The president's stated objective is to get the economy on the road to recovery by emphasizing green technology, health care, education and infrastructure. To do that, President Obama has proposed many changes to the status quo. While there's no convenient chapter heading in the tens of thousands of words in the budget called "Commodities," there will be huge impact on the commodity space, at least in the long term.
In a market often driven more by perception than reality, understanding what everyone else thinks about tomorrow is often at least as important as understanding what's actually happening now.
Here is your primer.
Round 1: Agriculture
Farm subsidies get headlines. In Iowa, they play well. In urban America, they're anathema. And the budget tackles them straight on, with a number of proposals that will directly affect agricultural commodities:
- A phaseout of direct payments to farmers with sales revenues over $500,000 a year.
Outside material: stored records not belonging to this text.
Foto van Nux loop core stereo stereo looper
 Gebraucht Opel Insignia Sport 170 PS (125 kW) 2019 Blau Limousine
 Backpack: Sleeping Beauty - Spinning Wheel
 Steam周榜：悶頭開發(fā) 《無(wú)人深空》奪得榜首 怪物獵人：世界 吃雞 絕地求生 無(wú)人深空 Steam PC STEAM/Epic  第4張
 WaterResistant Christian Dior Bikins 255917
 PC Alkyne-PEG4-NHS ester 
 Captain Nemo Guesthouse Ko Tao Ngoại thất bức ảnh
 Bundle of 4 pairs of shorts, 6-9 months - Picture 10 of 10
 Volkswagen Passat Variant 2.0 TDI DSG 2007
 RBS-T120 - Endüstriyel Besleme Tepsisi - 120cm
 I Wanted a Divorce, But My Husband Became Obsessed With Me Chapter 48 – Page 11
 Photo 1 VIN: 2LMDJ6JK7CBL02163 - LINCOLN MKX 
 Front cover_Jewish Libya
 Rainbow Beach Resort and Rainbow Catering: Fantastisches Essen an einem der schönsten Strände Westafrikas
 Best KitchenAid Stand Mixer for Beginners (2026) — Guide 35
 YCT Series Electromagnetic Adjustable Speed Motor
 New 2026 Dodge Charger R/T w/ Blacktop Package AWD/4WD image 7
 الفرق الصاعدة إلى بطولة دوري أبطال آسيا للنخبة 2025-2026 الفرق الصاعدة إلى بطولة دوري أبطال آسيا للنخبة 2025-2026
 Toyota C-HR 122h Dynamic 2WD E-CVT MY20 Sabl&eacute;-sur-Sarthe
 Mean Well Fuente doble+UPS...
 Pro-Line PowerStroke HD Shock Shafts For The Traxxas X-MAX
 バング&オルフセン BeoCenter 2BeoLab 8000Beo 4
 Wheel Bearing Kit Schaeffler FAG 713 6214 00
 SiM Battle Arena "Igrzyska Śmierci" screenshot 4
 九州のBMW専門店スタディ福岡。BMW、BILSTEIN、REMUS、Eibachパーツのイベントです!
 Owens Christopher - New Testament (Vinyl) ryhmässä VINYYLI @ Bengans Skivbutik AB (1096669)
The phaseout would happen slowly over the next three years.
- A $250,000 commodity program payment limit (a cap on any kind of direct payments, no matter how big you are).
- A reduction of crop insurance subsidies.
- The elimination of cotton storage credits.
- A decrease in funding of 20% for the Market Access Programs (MAP) - the overseas agriculture marketing programs.
As you might expect, the various agricultural lobbying groups are up in arms about all of these, because these proposals ... while complicated ... all mean the same thing: less money for farmers (especially BIG farmers).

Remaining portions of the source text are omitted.